◆ **PROMPT**
When you output the records, match them exactly and omit any picture they include.

◆ **Captioned web images**
※ ※ ※
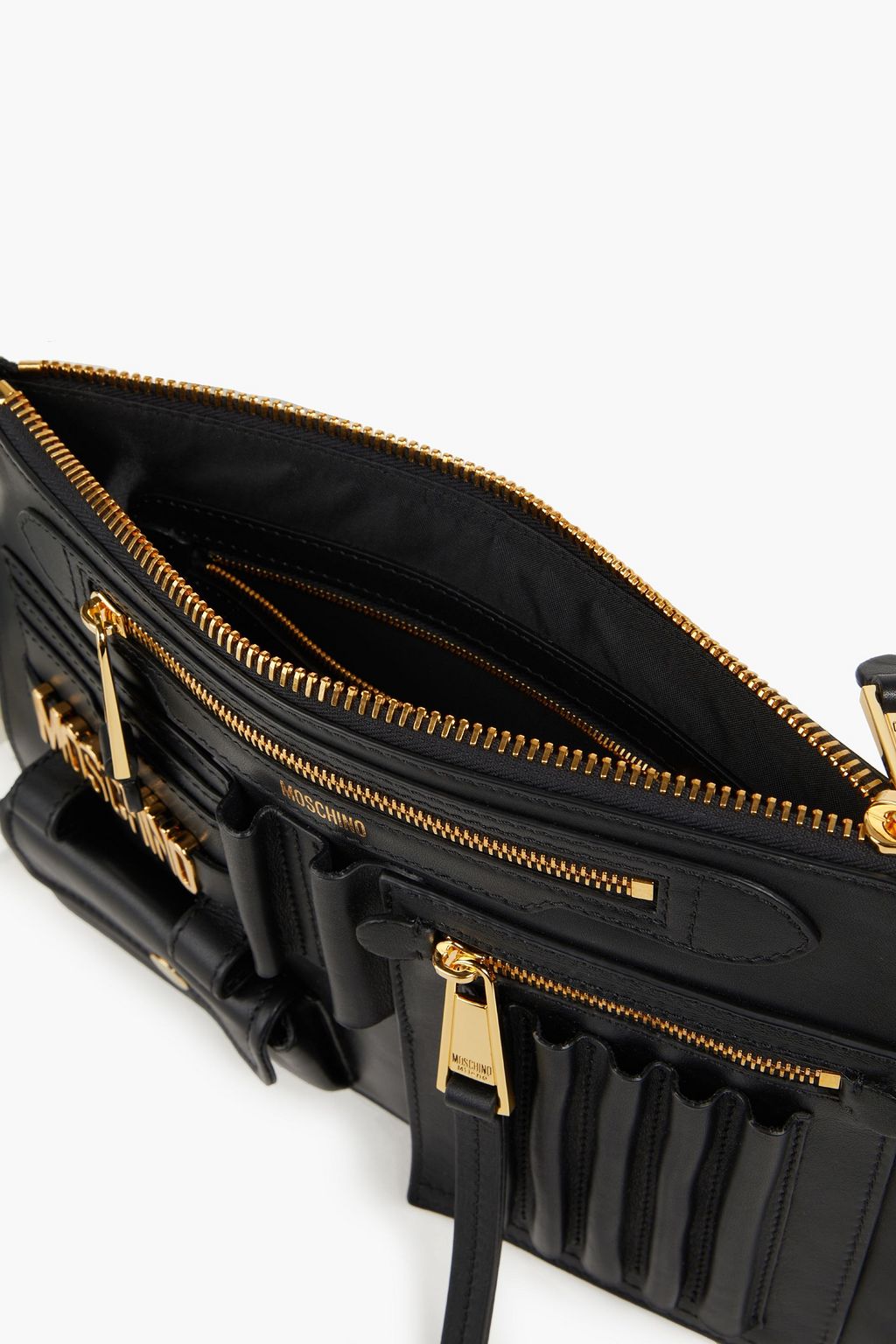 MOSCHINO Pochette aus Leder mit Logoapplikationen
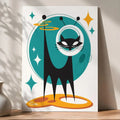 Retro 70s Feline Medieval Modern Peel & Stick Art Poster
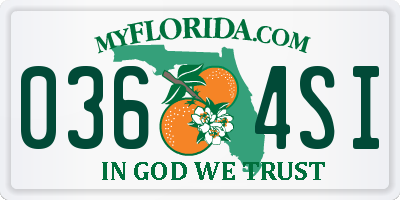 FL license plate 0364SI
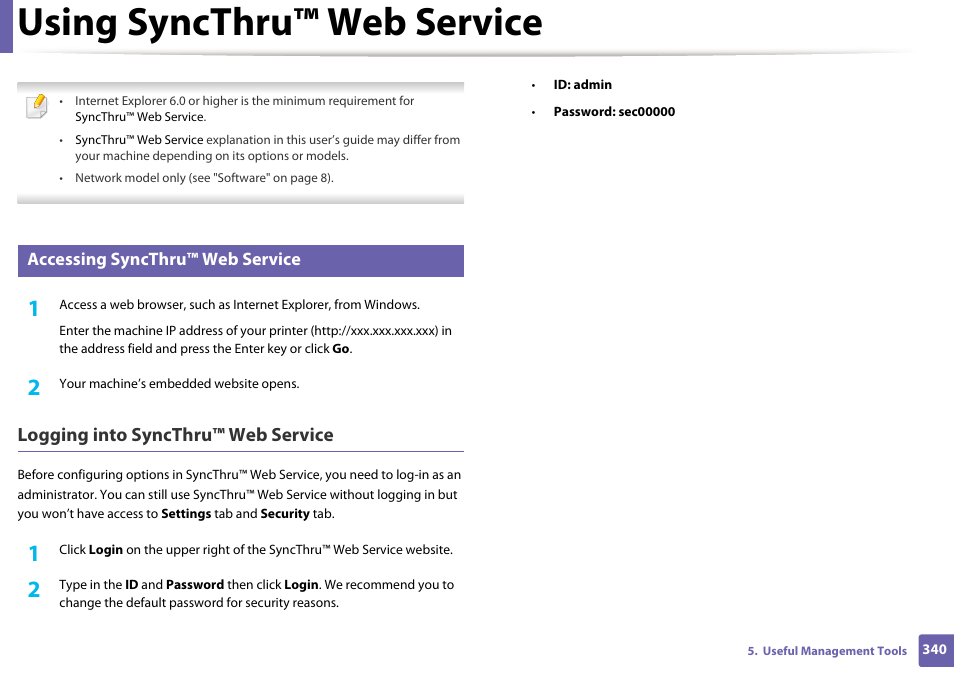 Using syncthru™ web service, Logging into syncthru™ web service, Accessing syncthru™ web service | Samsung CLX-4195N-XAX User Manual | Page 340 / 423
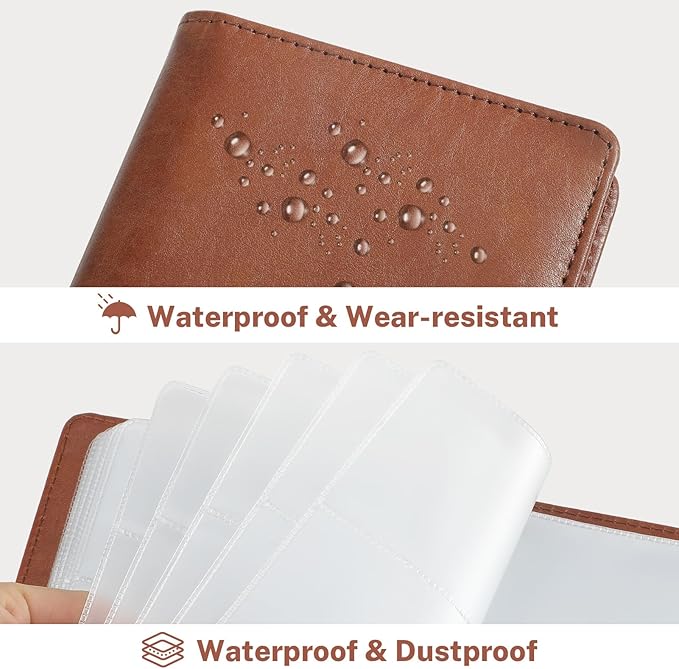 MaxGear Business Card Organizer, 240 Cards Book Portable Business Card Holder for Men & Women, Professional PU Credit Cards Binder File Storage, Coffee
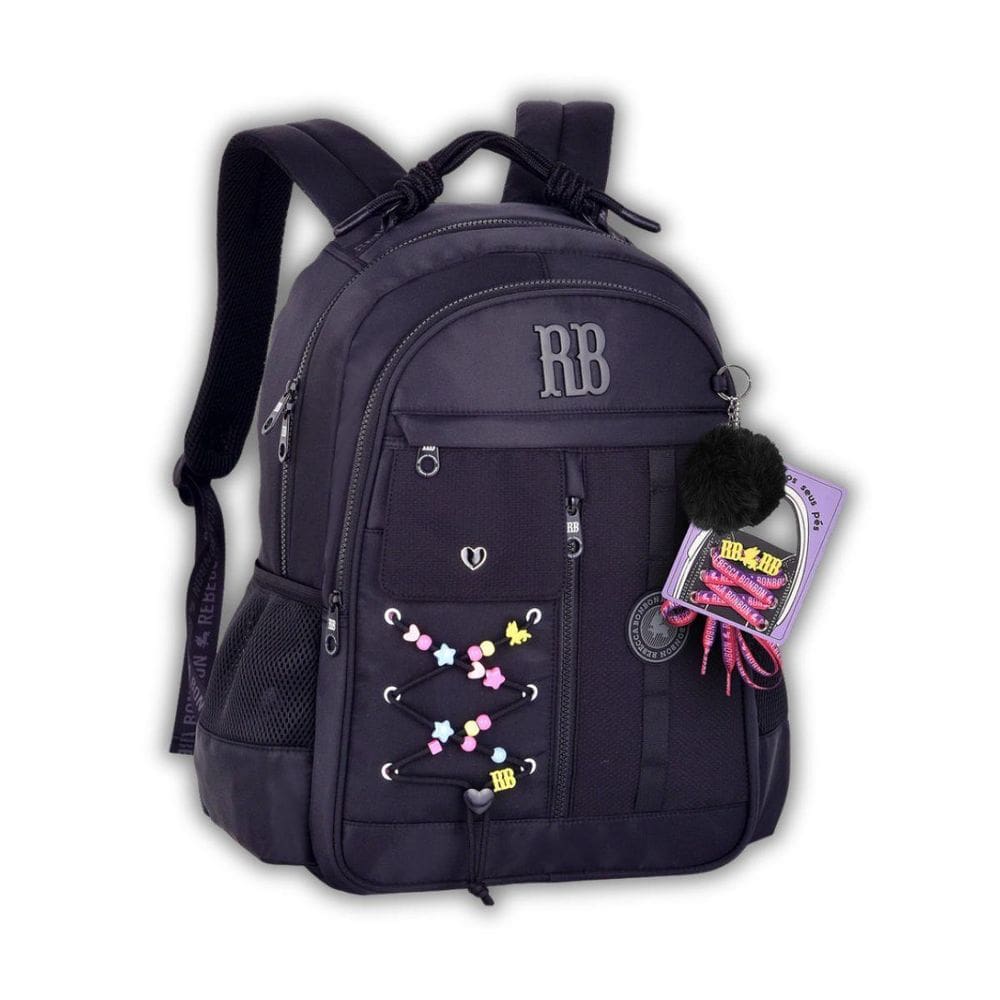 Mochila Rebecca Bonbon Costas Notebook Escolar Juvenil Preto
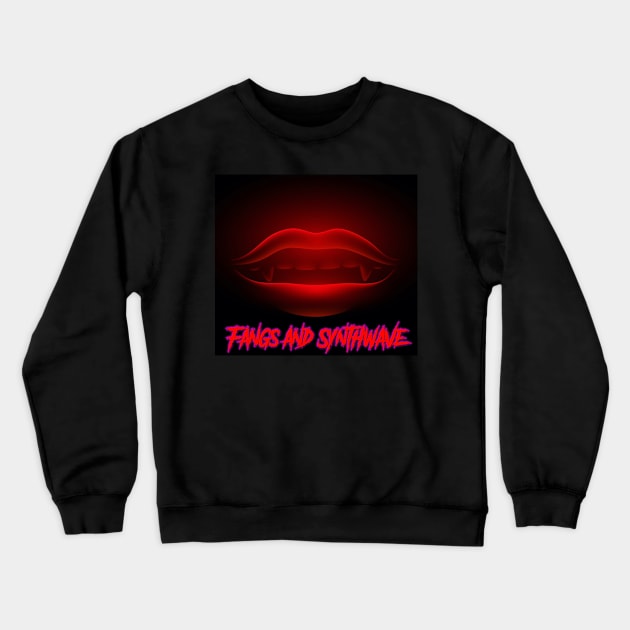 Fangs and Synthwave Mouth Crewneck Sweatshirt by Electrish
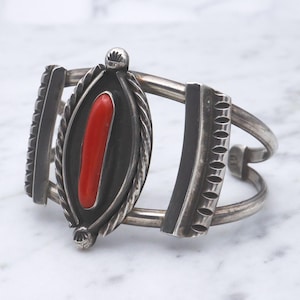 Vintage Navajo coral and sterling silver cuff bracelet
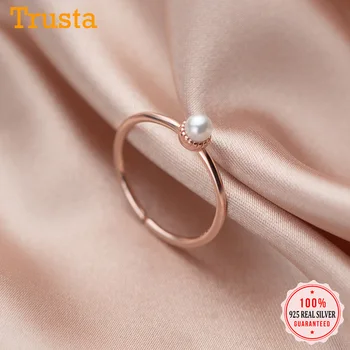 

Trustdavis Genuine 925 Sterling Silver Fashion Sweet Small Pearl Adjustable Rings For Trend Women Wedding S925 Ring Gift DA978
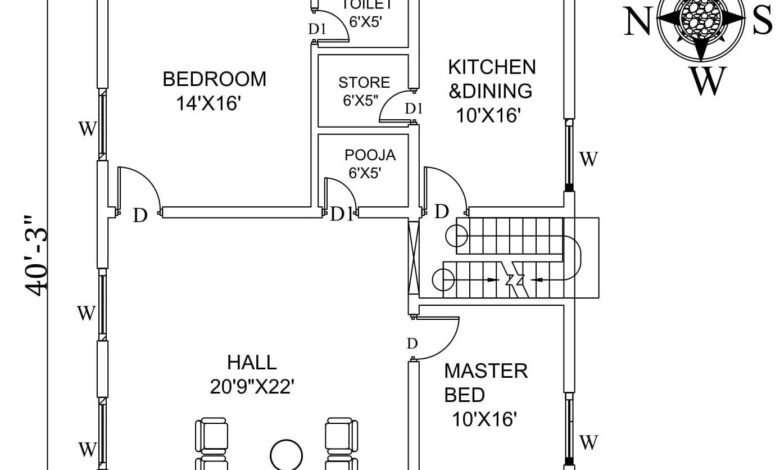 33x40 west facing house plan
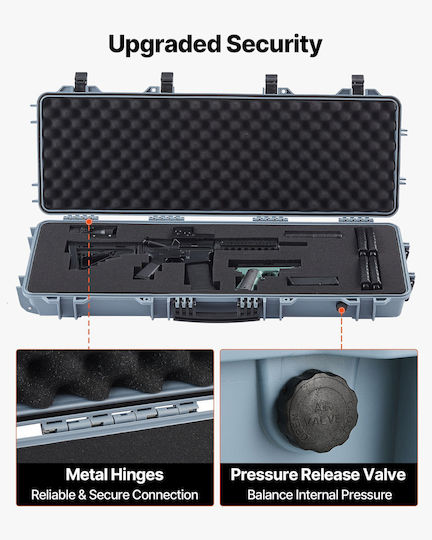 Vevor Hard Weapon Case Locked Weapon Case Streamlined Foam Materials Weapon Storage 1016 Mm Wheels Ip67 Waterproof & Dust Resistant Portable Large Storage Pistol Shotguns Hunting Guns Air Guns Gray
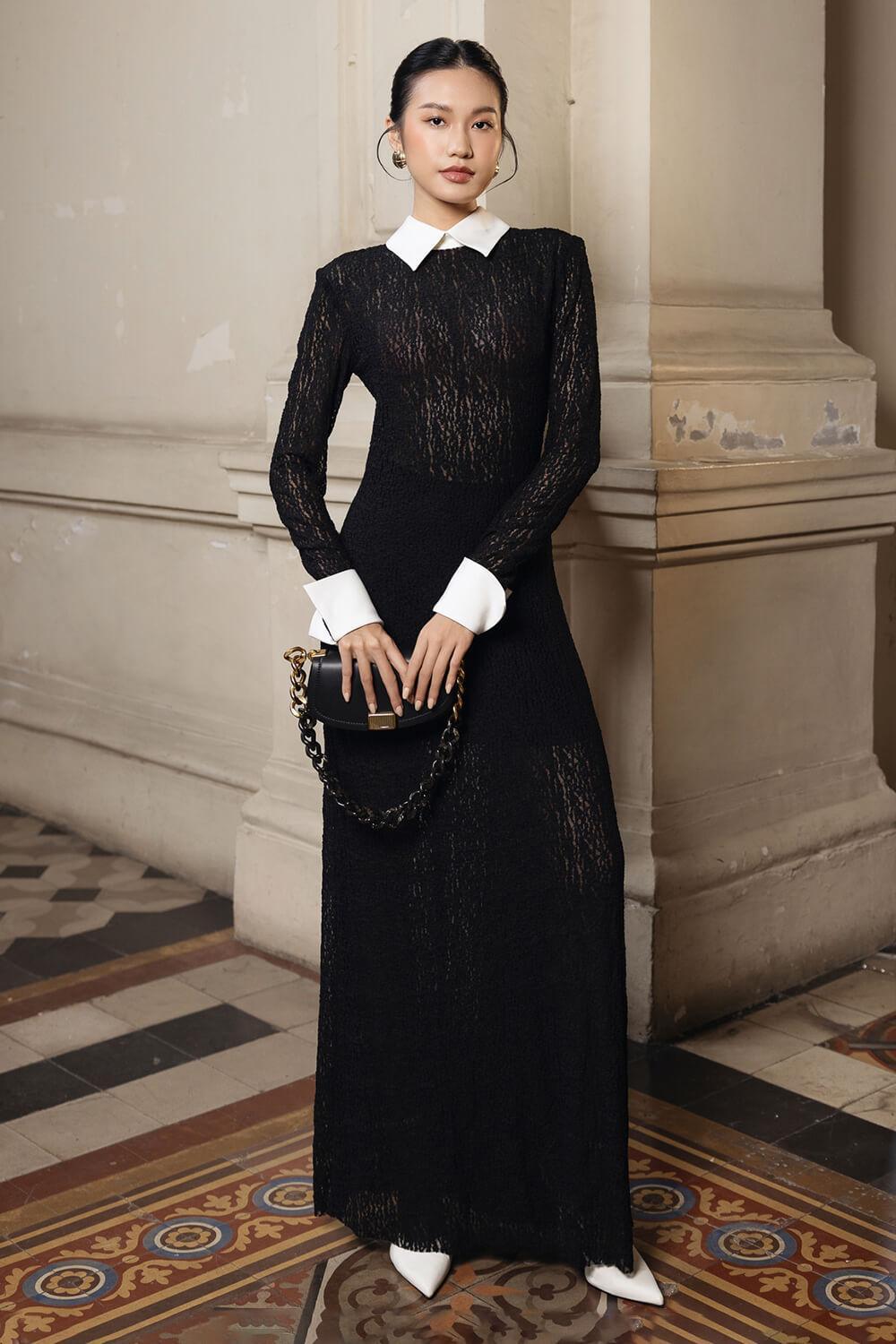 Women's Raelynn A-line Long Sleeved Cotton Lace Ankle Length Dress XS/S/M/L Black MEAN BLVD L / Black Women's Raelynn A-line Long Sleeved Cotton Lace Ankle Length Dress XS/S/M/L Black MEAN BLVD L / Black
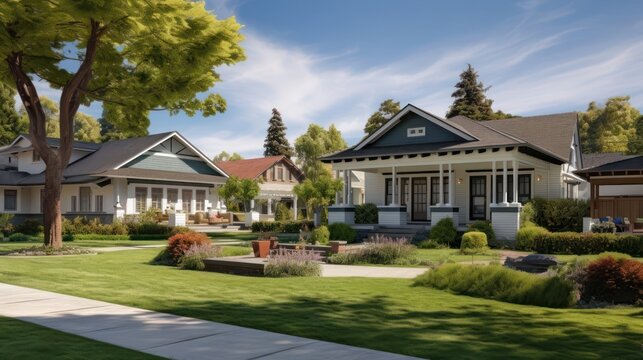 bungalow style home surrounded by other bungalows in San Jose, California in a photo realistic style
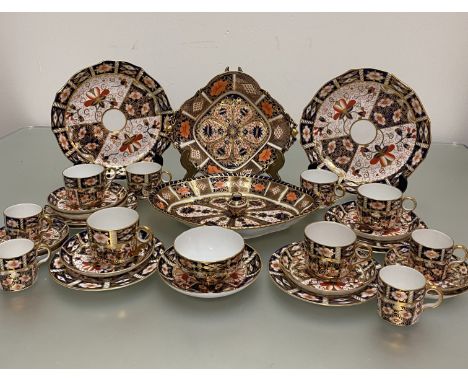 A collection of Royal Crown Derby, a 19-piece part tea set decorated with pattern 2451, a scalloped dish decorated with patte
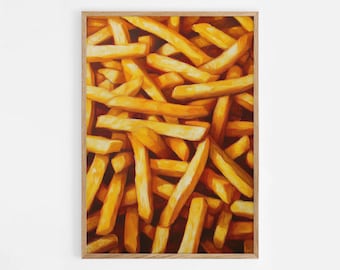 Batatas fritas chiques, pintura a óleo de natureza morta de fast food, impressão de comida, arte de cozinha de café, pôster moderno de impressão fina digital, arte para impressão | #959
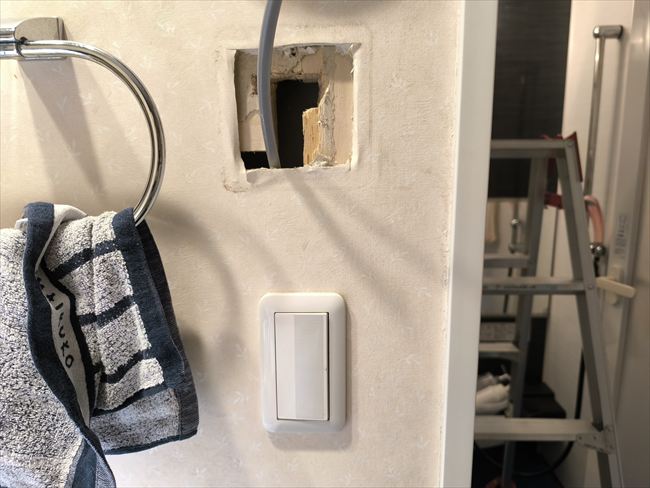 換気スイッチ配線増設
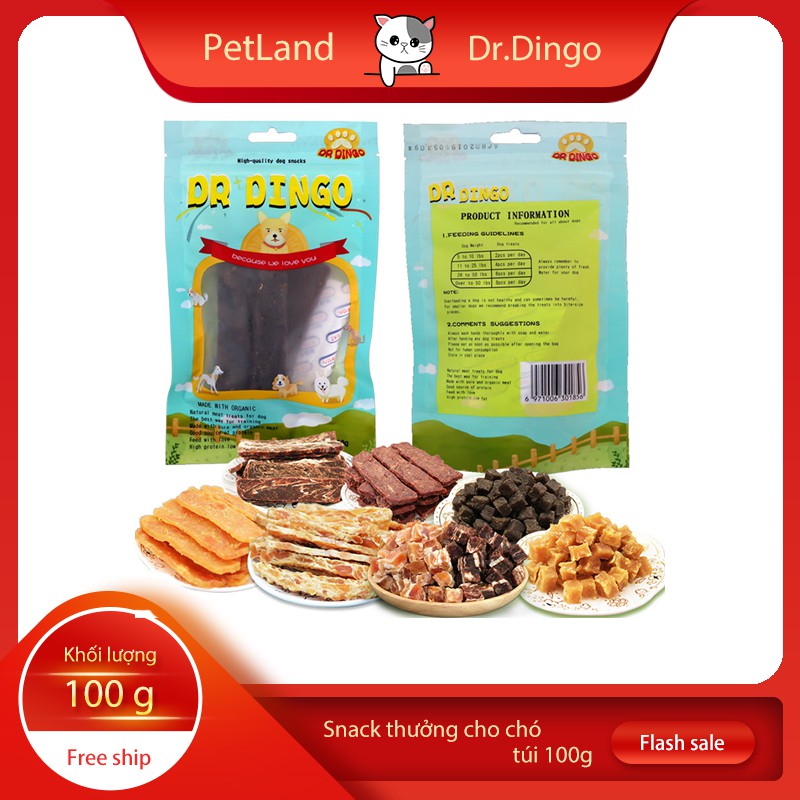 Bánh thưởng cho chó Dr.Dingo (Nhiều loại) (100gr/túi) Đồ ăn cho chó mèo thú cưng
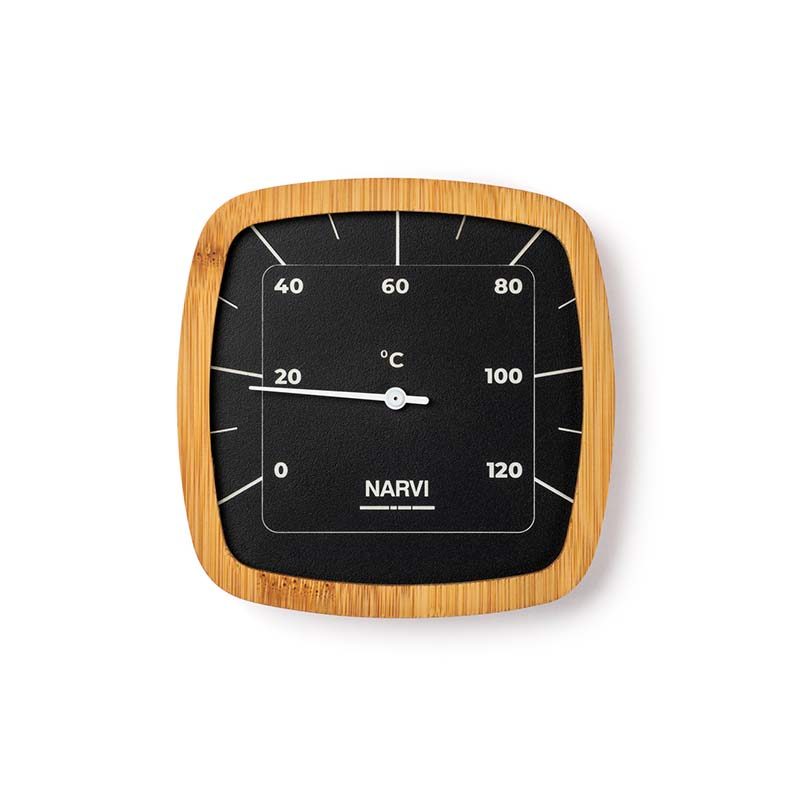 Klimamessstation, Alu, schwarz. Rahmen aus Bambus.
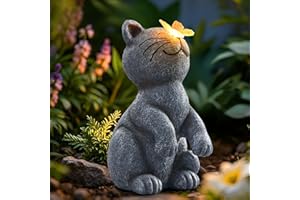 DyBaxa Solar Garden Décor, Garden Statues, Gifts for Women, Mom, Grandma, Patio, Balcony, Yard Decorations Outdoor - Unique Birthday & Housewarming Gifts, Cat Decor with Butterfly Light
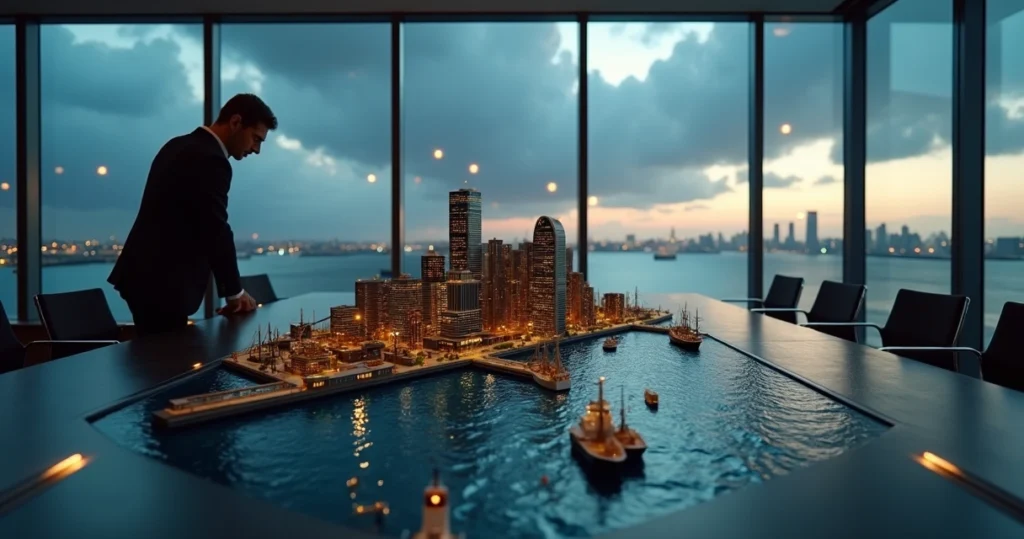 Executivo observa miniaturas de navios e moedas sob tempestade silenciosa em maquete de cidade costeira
※ ※ ※
◆ **WRITTEN ANSWER**
 MOSCHINO Pochette aus Leder mit Logoapplikationen
 Retro 70s Feline Medieval Modern Peel & Stick Art Poster
 FL license plate 0364SI
 Using syncthru™ web service, Logging into syncthru™ web service, Accessing syncthru™ web service | Samsung CLX-4195N-XAX User Manual | Page 340 / 423
 MaxGear Business Card Organizer, 240 Cards Book Portable Business Card Holder for Men & Women, Professional PU Credit Cards Binder File Storage, Coffee
 Mochila Rebecca Bonbon Costas Notebook Escolar Juvenil Preto
 Fangs and Synthwave Mouth Crewneck Sweatshirt by Electrish
 Vintage Navajo coral and sterling silver cuff bracelet

Trustdavis Genuine 925 Sterling Silver Fashion Sweet Small Pearl Adjustable Rings For Trend Women Wedding S925 Ring Gift DA978
 33x40 west facing house plan
 Vevor Hard Weapon Case Locked Weapon Case Streamlined Foam Materials Weapon Storage 1016 Mm Wheels Ip67 Waterproof & Dust Resistant Portable Large Storage Pistol Shotguns Hunting Guns Air Guns Gray
 Women's Raelynn A-line Long Sleeved Cotton Lace Ankle Length Dress XS/S/M/L Black MEAN BLVD L / Black Women's Raelynn A-line Long Sleeved Cotton Lace Ankle Length Dress XS/S/M/L Black MEAN BLVD L / Black
 bungalow style home surrounded by other bungalows in San Jose, California in a photo realistic style
 A collection of Royal Crown Derby, a 19-piece part tea set decorated with pattern 2451, a scalloped dish decorated with patte
 Batatas fritas chiques, pintura a óleo de natureza morta de fast food, impressão de comida, arte de cozinha de café, pôster moderno de impressão fina digital, arte para impressão | #959
 換気スイッチ配線増設
 Bánh thưởng cho chó Dr.Dingo (Nhiều loại) (100gr/túi) Đồ ăn cho chó mèo thú cưng
 Klimamessstation, Alu, schwarz. Rahmen aus Bambus.
 DyBaxa Solar Garden Décor, Garden Statues, Gifts for Women, Mom, Grandma, Patio, Balcony, Yard Decorations Outdoor - Unique Birthday & Housewarming Gifts, Cat Decor with Butterfly Light
 Executivo observa miniaturas de navios e moedas sob tempestade silenciosa em maquete de cidade costeira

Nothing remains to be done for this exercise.